Taking your third question first – the IRD from the 2008 distribution is not to be reported on the husband’s final 1040. The RMD must be paid to the trust and be taxed there. I’m not sure if it would be the Bpass or the Marital Trust. Do you use Administrative trusts in MI?

If the marital trust is a QTIP trust, the 10% of RMD income distribution could be a problem. Check Rev. Rul 2006-26 to see if a marital deduction is available – the ruling applies because the H was alive on May 30, 2006.

The IRS has issued rulings that allow a spouse who is the trustee and trust beneficiary to roll over an IRA. A ruling will cost $9,000 for the IRS, the professional time to put it together could cost twice that.

In some cases, the trust agreement has been reformed in such a way that the spouse could rollover benefits payable to a trust. See PLRs 200704033 or 2007034047 for some situations ruled on favorably.

As long as the trust is the beneficiary RMDs will be based on the survivor’s life expectancy as the oldest trust beneficiary.

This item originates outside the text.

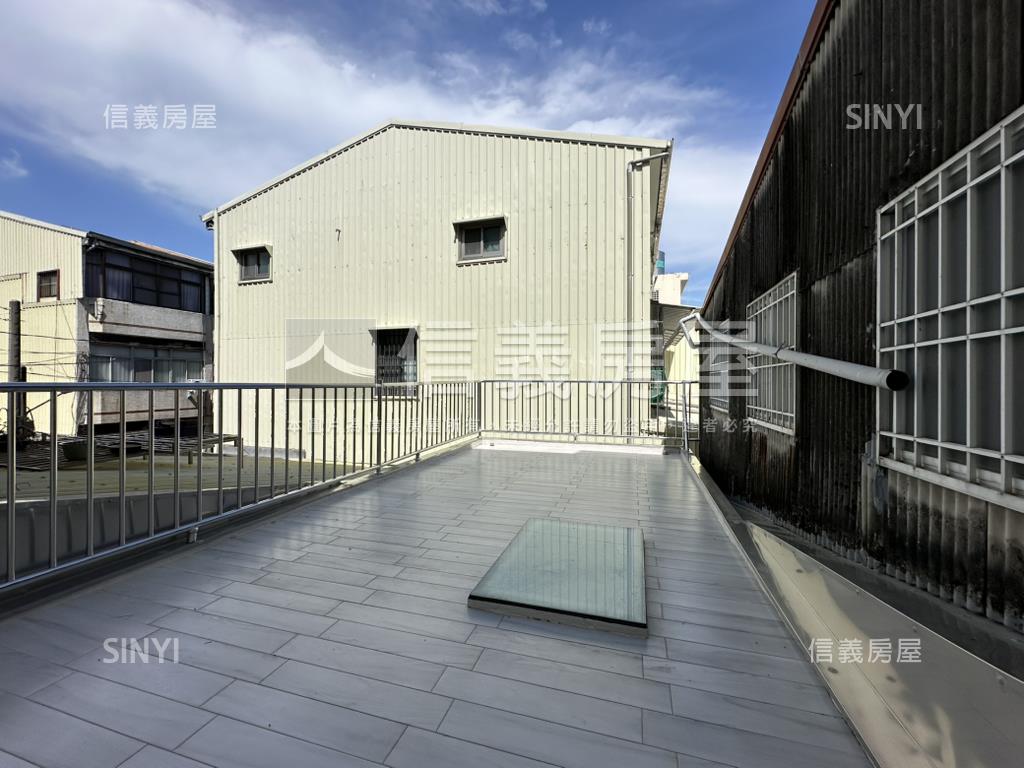明興正路面間間套房透天房屋室內格局與周邊環境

Thanks for the information/reply. A few follow up points:

1) How do we know which trust to apply the 2008 distribution when we haven’t valued all assets for federal estate tax purposes?

2) I’m not sure what the term “Administrative Trust” exactly is referring to. Could you expand?

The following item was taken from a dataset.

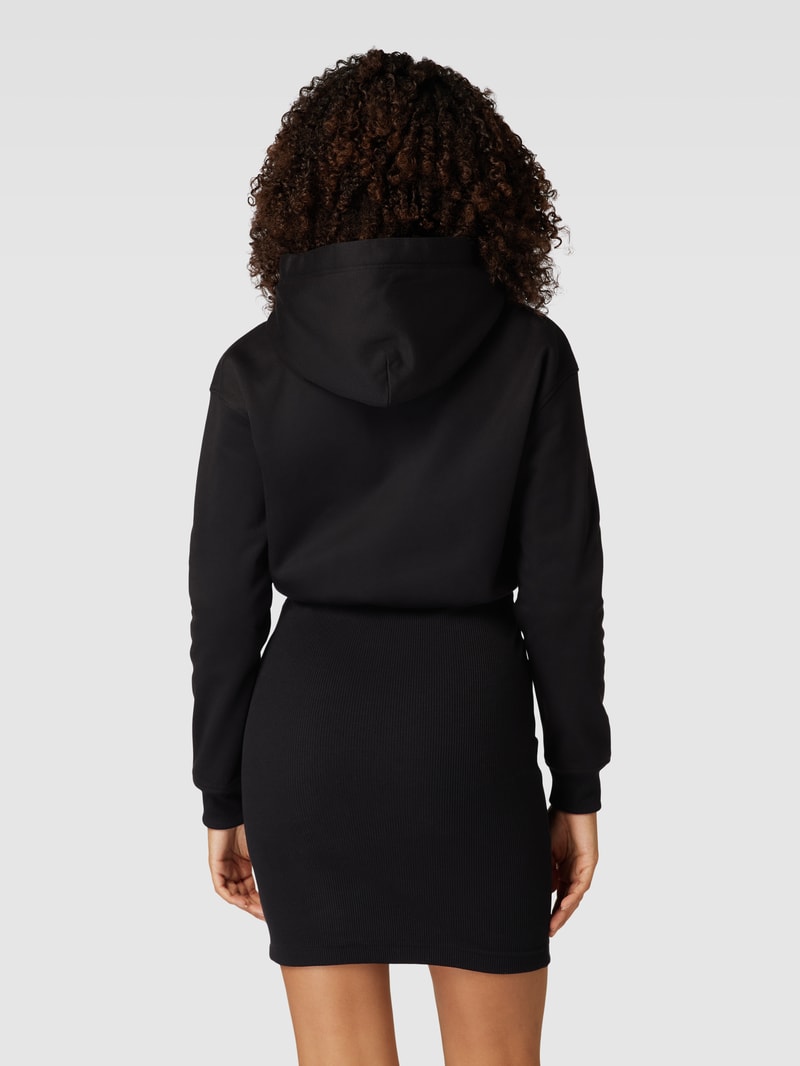 Knielanges Sweatkleid mit Kapuze in schwarz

3)I’ll check the Rev Rul’s you’ve cited.

4)The spouse is NOT the trustee. Does this hurt chances to have a rollover to spouse?

Thanks again to those that respond.

Regards,

Rob Gilbreath
Attorney and Counselor at Law



Here in CA trusts are very popular and we often see an “administrative trust” – the trust isn’t a separate document; it’s the decedent’s share of the family trust. Until the assets are valued and it can be determined which assets go in which trust, the administrative trust collects the income and pays the expenses. The trust also ordinarily distributes income to the surviving spouse, if the spouse is the beneficiary of all of the trusts it may be split into.

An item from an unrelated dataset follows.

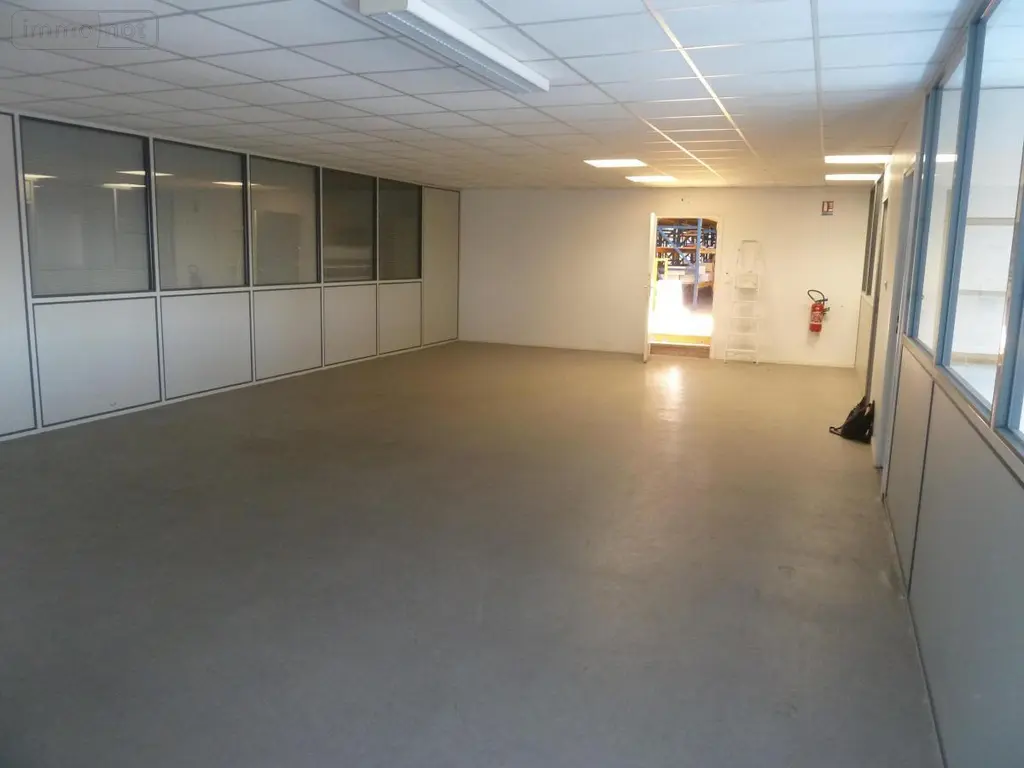 Location fonds et murs commerciaux Cambrai 59400 Nord 59 232 m2 5 pièces 2170 euros 59083-L1710 004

If the family trust is filing returns before the split, the pre-split trust would receive the distribution. Based on Rev Rul 2005-36, the entity receiving the year of death distribution need not necessarily be the entity receiving post death RMDs.

There are some rulings granted where the surviving spouse is not the trustee, but most of them that we see have the fact pattern where she is. Again, the private letter rulings are expensive and those that draft them may have a better idea of your chances. Robert Keebler CPA practices in Green Bay, WI and works with the IRS on private rulings. There are many other good people (inlcuding Ed Slott and Bruce Steiner) but Bob is probably closest to you geographically.



One quick follow up:

No matter which trust receives the distribution from the QP, will this distribution of over $1,000,000 be considered gross income for the trust? I would hate for it to get whacked by the crazy trust tax rates.

Thanks again for all of your help.

Rob Gilbreath
Attorney and Counselor at Law



The RMD of a retirement plan or IRA is gross income to the trust; if it is distributed to the beneficiary – it’s taxed tp the beneficiary.

If the trust calls for “income” distributions and the trust agreement doesn’t define income – you may have to rely on your state law. It could be that each RMD is 90% taxable. Of course, the income could be offset by expenses – legal fees, accounting fees, invesment management etc



Mary Kay: thanks for the kind words.

As to your key question, whether you can get the IRA to the spouse so she can roll it over, see my article on this subject in the October 1997 issue of Estate Planning: http://www.kkwc.com/docs/AR20050125164755.pdf. As you can see from the article, it’s usually possible to get the IRA to the spouse even where the spouse is not named as the beneficiary. But without seeing the trust, we can’t say whether it’s feasible in this case.

As Mary Kay pointed out, you can’t use the 10% rule for the marital trust. See Rev. Rul. 2006-26. But, as noted in my article, even if you can’t do the rollover, the spouse may be able to roll over the excess of the income over the required distributions.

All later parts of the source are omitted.